Build Your Own Sqlite - Print the Page Size

Understand the Sqlite file and print the page size of the sqlite db file.

Build Your Own Sqlite - Print the Page Size

SQLite is one of the most widely deployed database and it is used in many different applications. Well-known users of SQLite include Bosch, Airbus, and even the Library of Congress. It is meant to be extremely stable, and it is vastly different to how other databases are implemented. Unlike client-server database systems, SQLite uses a file-based architecture where each database is stored as a single file on disk. This makes SQLite extremely portable and easy to deploy. We will demystify how this implementation works by looking at the database file. Specifically, we will start by understanding how to gather metadata about the DB.

The documentation does a great job explaining how the file is formatted. Let's start to understand how to extract the page size of the database.

The Database File

SQLite is powered by an on-disk database file format. It is usually on "the main database file" along with auxiliary files for additional capabilities. Every SQLite database file begins with a 100-byte header that contains crucial metadata about the database. This header provides essential information needed to interpret the rest of the file correctly.

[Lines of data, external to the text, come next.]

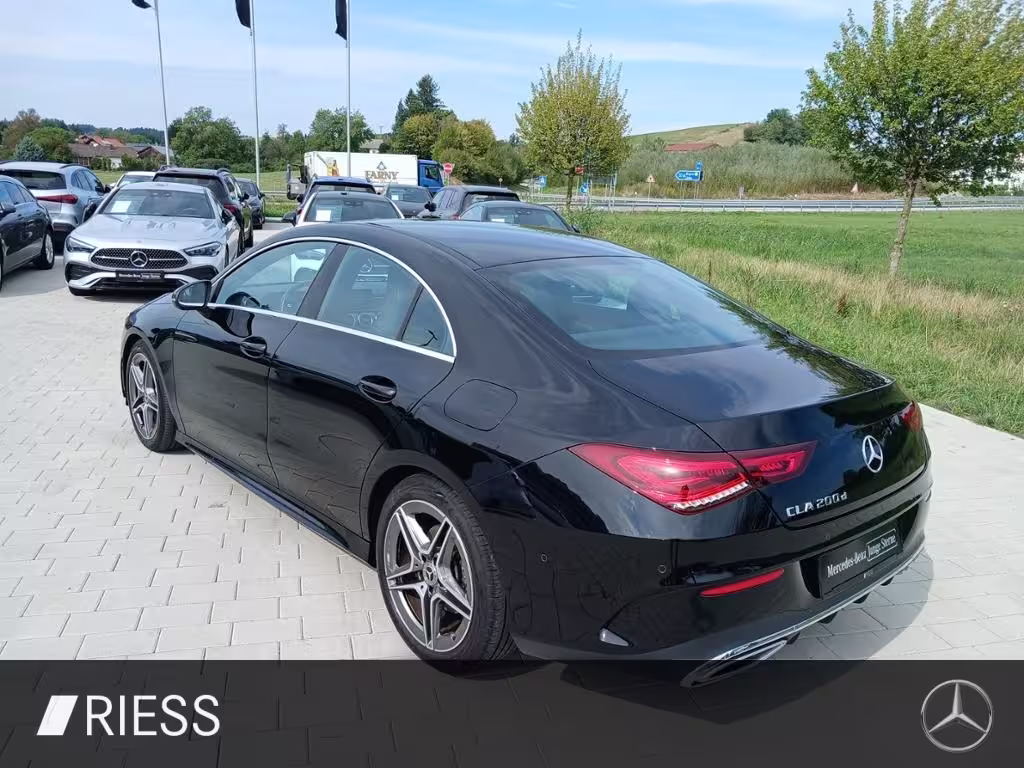 Mercedes-Benz CLA 200 d Coupé AMG Navi PDC Kamera EDW LED Spur CLA 200 - Bild 14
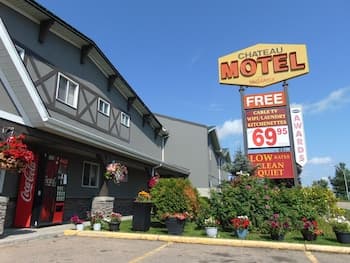 Chateau Motel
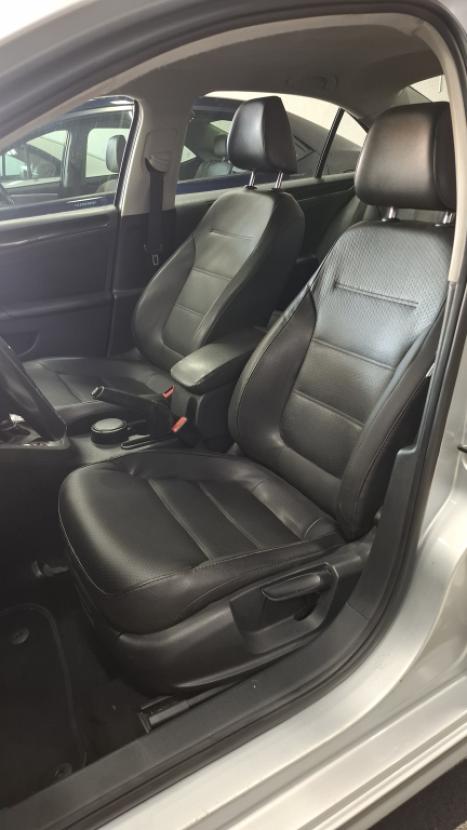 VOLKSWAGEN Jetta 2.0 4P FLEX COMFORTLINE TIPTRONIC AUTOM�TICO, Foto 9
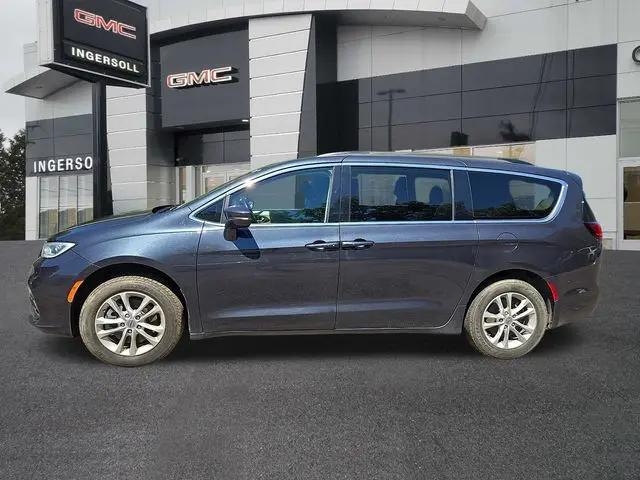 2021 Chrysler Pacifica Touring AWD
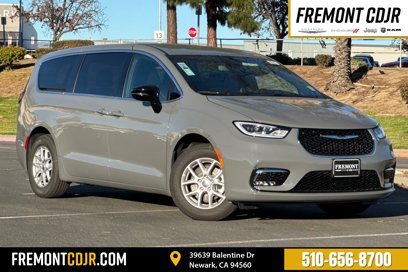 New 2025 Chrysler Pacifica Select
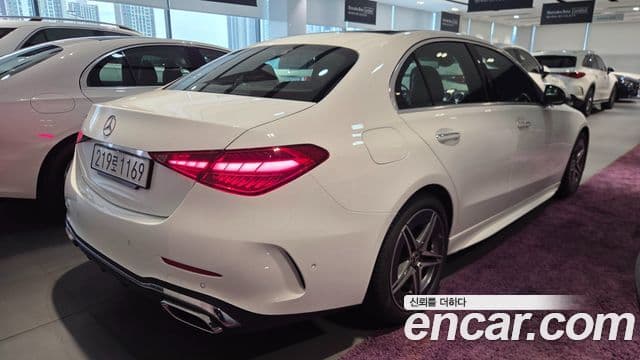 Mercedes-Benz C-Class 2025 — ფოტო 4/11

The main database file consists of one or more pages. ... All pages within the same database are the same size.

This will become important later.

The Database Header

The Database Header contains metadata about the respective database. The diagram depicted there explains how the header is formatted.

| Offset | Size | Description |  
| --- | --- | --- |  
| 0 | 16 | The header string: "SQLite format 3\000" |  
| 16 | 2 | The database page size in bytes. Must be a power of two between 512 and 32768 inclusive, or the value 1 representing a page size of 65536. |
| 18 | 1 | File format write version. 1 for legacy; 2 for WAL. |
| 19 | 1 | File format read version. 1 for legacy; 2 for WAL. |
| 20 | 1 | Bytes of unused "reserved" space at the end of each page. Usually 0. |
| 21 | 1 | Maximum embedded payload fraction. Must be 64. |
| 22 | 1 | Minimum embedded payload fraction. Must be 32. |
| 23 | 1 | Leaf payload fraction. Must be 32. |
| 24 | 4 | File change counter. |
| 28 | 4 | Size of the database file in pages. The "in-header database size". |
| 32 | 4 | Page number of the first freelist trunk page. |
| 36 | 4 | Total number of freelist pages. |
| 40 | 4 | The schema cookie. |
| 44 | 4 | The schema format number. Supported schema formats are 1, 2, 3, and 4. |
| 48 | 4 | Default page cache size. |
| 52 | 4 | The page number of the largest root b-tree page when in auto-vacuum or incremental-vacuum modes, or zero otherwise. |
| 56 | 4 | The database text encoding. A value of 1 means UTF-8. A value of 2 means UTF-16le. A value of 3 means UTF-16be. |
| 60 | 4 | The "user version" as read and set by the user_version pragma. |
| 64 | 4 | True (non-zero) for incremental-vacuum mode. False (zero) otherwise. |
| 68 | 4 | The "Application ID" set by PRAGMA application_id. |
| 72 | 20 | Reserved for expansion. Must be zero. |
| 92 | 4 | The version-valid-for number. |
| 96 | 4 | SQLITE_VERSION_NUMBER |

We are after the data at offset 16: The database page size. Run a hexdump of a sample sqlite db to confirm the same: Let's dump the hex in BigEndian mode:

hexdump -C sample.db 
00000000  53 51 4c 69 74 65 20 66  6f 72 6d 61 74 20 33 00  |SQLite format 3.|
00000010  10 00 01 01 00 40 20 20  00 00 00 05 00 00 00 04  |.....@  ........|
00000020  00 00 00 00 00 00 00 00  00 00 00 02 00 00 00 04  |................|
00000030  00 00 00 00 00 00 00 00  00 00 00 01 00 00 00 00  |................|
00000040  00 00 00 00 00 00 00 00  00 00 00 00 00 00 00 00  |................|
00000050  00 00 00 00 00 00 00 00  00 00 00 00 00 00 00 05  |................|
00000060  00 2e 4b 90 0d 00 00 00  03 0e c3 00 0f 8f 0f 3d  |..K............=|
00000070  0e c3 00 00 00 00 00 00  00 00 00 00 00 00 00 00  |................|
00000080  00 00 00 00 00 00 00 00  00 00 00 00 00 00 00 00  |................|

At offset 16 (00000010), we see 10 00. That is the page size. Can you guess what value that is?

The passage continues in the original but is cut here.